I've always been someone who I believe and have told others "I have no regrets".   It just seems silly to think of your life in a way where you would wish you could taken and changed parts.   We've all seen those movies where they get a wish, and they wish to change just one "moment", then from changing just that "moment" their whole live ends up changing. 

How precious is a moment?  According to these movie producers, pretty precious.   According to God, I think he'd have to agree. 

People remember moments.  The first time you said I love you to your spouse.   The day you found out you were pregnant.   The day you hit that home-run and won the game for your team.  We all remember moments.  Unfortunately, we remember the bad ones too.....the time you didn't block the goal and lost the game for your team, the time the boy made fun of you on the school bus, or the time in P.E. where you had to pick teams and you were chosen last.  So which moments are more important, the good or the bad?   

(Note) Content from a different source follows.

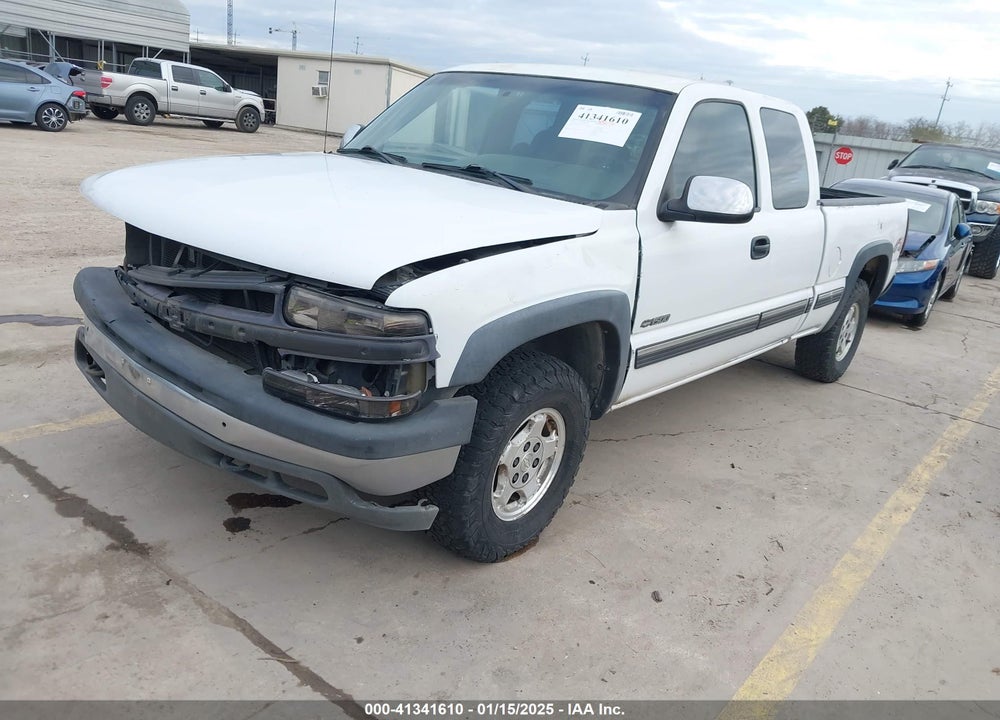 2002 CHEVROLET SILVERADO 1500 LS VIN: 2GCEK19T221253556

I've had lots of good & bad moments I can remember so well I can remember what I was wearing, sometimes the song that was playing, what the other person was wearing, what kind of day it was, I remember moments distinctively.  I used to let the bad moments "haunt" me.   I would think of them all the time, and get that sick stomach feeling and think "why did I say that?" or "why did I do that?".   Oddly enough as much as I'd let them haunt me, it never ever occurred for me to ask God for a "do-over".   I have just always believed things happened for a reason, and I guess even as a child before I understood this concept, I still understood it in a childlike way that our life is what we make of it.  (I think I may of heard that from my mom a few times).  ;)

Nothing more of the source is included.